Não se trata de uma redução. Mas, para se compreender melhor, em português, qual a atmosfera que impregna a sua obra, poderíamos pensar numa síntese de Bocage e de Fernando Pessoa.
De Bocage, temos a linguagem grosseira e popular, que não recua diante dos termos obscenos, sobretudo quando se trata de escrever sobre os órgãos ou o acto sexuais.
De Pessoa, temos, antes de mais, a vida do próprio: um burocrata com emprego fixo e horários estritos; um manga-de-alpaca que esgota a sua vida no escritório de uma dessas ruas típicas da cidade em que vive, mas que, na poesia, secreta, inspirada e inesperadamente, adquire toda a sua força e sentido. De Pessoa temos, pois, essa semelhança biográfica, mas não só: uma contenção avessa a delírios românticos, a arroubos líricos, que achou a forma mais apurada num dos heterónimos pessoanos, Alberto Caeiro.

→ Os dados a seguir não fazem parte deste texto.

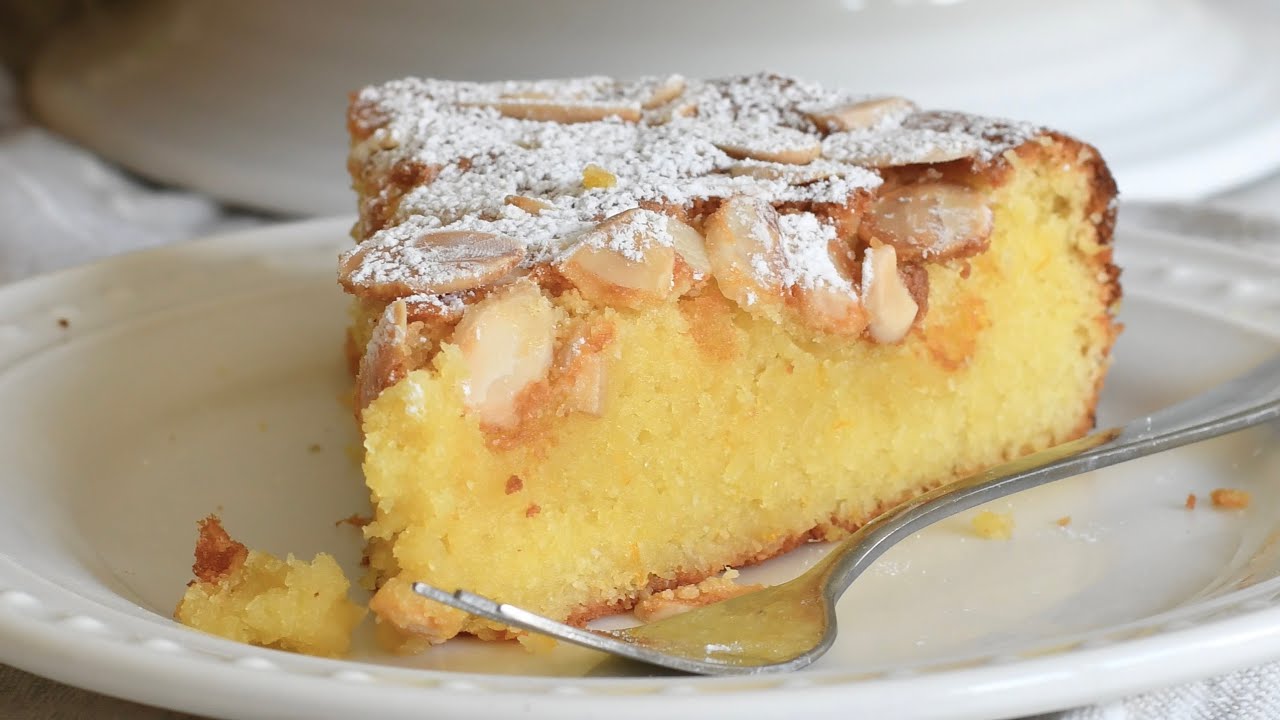 Soft, moist, easy to make AND gluten-free Italian almond and orange cake 😍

E que obtemos? Philip Larkin.
Vou folheando os poemas de High Windows, e onde outros leram a pose reaccionária e uma espécie de desprezo pelo feminino, eu leio uma candura de adolescente para quem tudo é perigoso e, ao mesmo tempo, invejável. Vejo Holden Caulfield, a personagem (e narrador) de The Catcher in the Rye, com o seu azedume e a sua brutalidade, sob os quais tange uma sensibilidade em ferida e uma intensa carência.
É uma poesia completamente diferente da que conhecemos. (Mau grado tantos imitadores). Mostra-nos o absurdo do quotidiano sob o modo de uma lista de pequenos nadas monótonos e sem brilho. Os gestos mais simples tornam-se objecto de enunciação: espreito namorados, ou olho para uma janela, ou ponho pedras de gelo num copo com "três doses de gin, limão em rodela,/Mais um quarto de tónica [...]".
Mas se, de facto, esta poesia se debruça sobre o dia-a-dia, denunciando-o na sua dimensão mais superficial e vazia, reconstituindo, em exaustivas descrições, o tom de rotinas ou de rituais - como em "Livings", que principia assim: «Lido com lavradores, coisas como desinfectantes e rações» -, a verdade é que a sua linguagem, aparentemente coloquial, procura e encontra algumas das formas mais límpidas e correctas da perfeição.
Por exemplo, em "Friday Night in the Royal Station Hotel":
«Pelas portas abertas, a sala de jantar afirma/Uma solidão mais vasta, de facas e copos/ E silêncio assente como uma alcatifa.»
Ou este conjunto, ao qual nada se acrescentaria ou retiraria, de tal modo nos parece estarmos diante de uma formulação que suspende, durante o tempo da sua leitura, o movimento do mundo:
«Em vez de palavras, vêem-me à ideia janelas altas:
O vidro que acolhe o sol, e mais além
O ar azul e profundo,
Que não revela
Nada e está em lado nenhum e não tem fim.»
A poesia de Larkin tem sido vista como uma reacção ao lirismo exacerbado do neo-romantismo, por um lado (de Dylan Thomas) e, por outro lado, contra o modernismo (de T. S. Eliot e Ezra Pound): há, nela, uma espécie de revolta contra tudo quanto seja excesso, exuberância, revolução; ora penso que a escolha de uma forma «clássica», para a qual métrica e rima são essenciais, constrói, muito mais do que a expressão mais justa dessa revolta, uma expressão de uma musicalidade irresistível. Mais do que no programa, portanto, na sonoridade...
O que descubro em Philip Larkin?
Um cinismo desesperado, sob a vulgaridade do quotidiano trivial, uma sensibilidade fina que, ao invés de se assumir nas lágrimas, prefere a ironia ou o sarcasmo doridos e dolorosos (veja-se o pungente "The Old Fools"), um desequilíbrio emocional triste e neurótico, vazado na perfeição de uma linguagem em que as imagens brilham, limpas, nítidas, tão bonitas, e os versos revelam uma invulgar inteligência poética.
É uma poesia dura, como dizia há tão pouco, citando uma ex-aluna, sobre A Metamorfose, de Kafka. E, sim, tal como também dizia ao mesmo propósito: é algo que nunca esqueceremos.